The Loon is thinking of many librarians all over the world—the ones who have been working toward open access for a decade or more, in the teeth of litigious and mendacious publisher obstructionists—when she expresses a sincere desire to knock SAGE tumbling off its high horse. Preferably into a nice muddy fen. Containing leeches.

The phrasing of the announcement epitomizes the kind of futuremongering the Loon keenly loathes, the kind that erases her, her likeminded colleagues, and all their works from history and from the present.

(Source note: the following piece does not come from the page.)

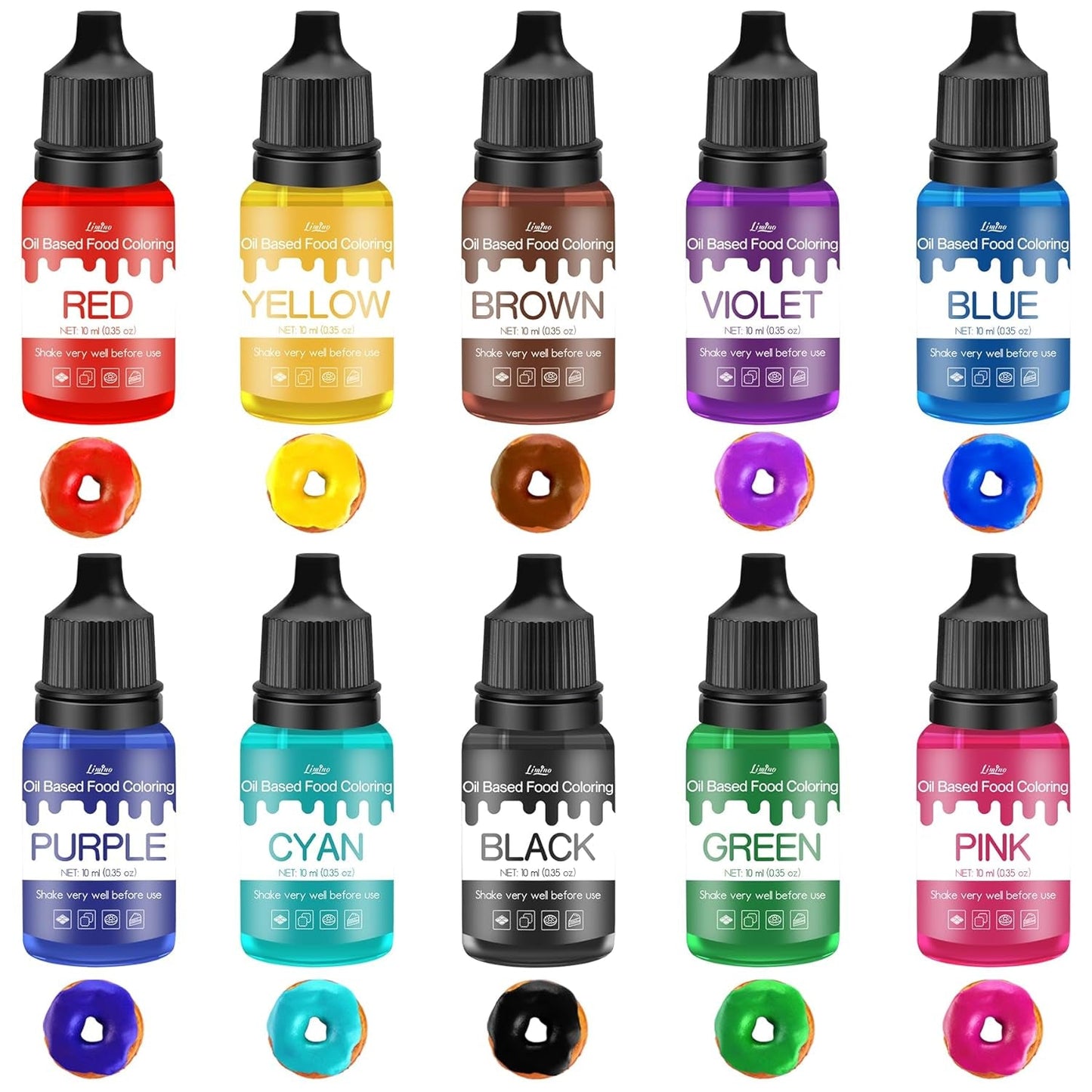 Fettlösliche Lebensmittelfarbe - 10 Farben Ölbasis Lebensmittelfarben Für Schokolade, Süssigkeit, Kuchen, Backen, Macaron - Colorant alimentaire concentré pour tortendeko, Buttercream, Fondant - Je 10Ml Naty Shop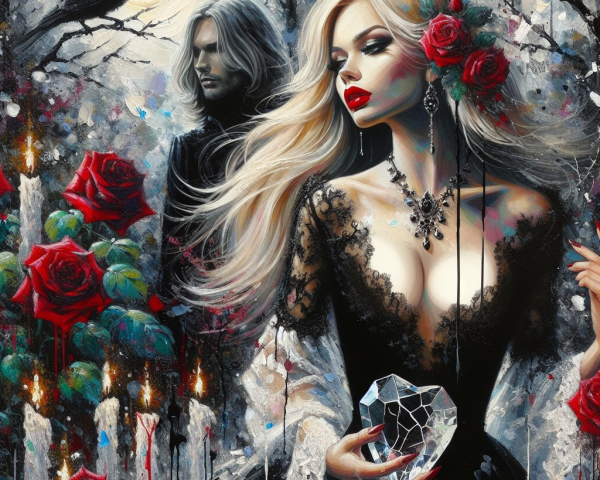 Gothic Artwork of Woman with Crystal Heart and Roses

The open insult aside, erasing one’s allies from the picture is stunningly poor strategy—assuming, of course, that SAGE’s goal in this is actually the furthering of OA, which is a considerable assumption; if SAGE is instead working to burn out and drive off open access’s librarian allies, well-played.

The Loon understands—none better—that library support for open access has been weak, equivocal, even two-faced. The way to fix this is not to erase what has been done, certainly not to erase the folk who did it despite (often) lukewarm support or even opposition from their library colleagues, administrators, and environment. All that accomplishes is to send yet more talented, hardworking, once-enthusiastic librarians fleeing. This may, of course, be SAGE’s goal, in which case, well-played.

Open-access movement. Will you kindly stop this style of futurist rhetoric? Please? Before it damages you further?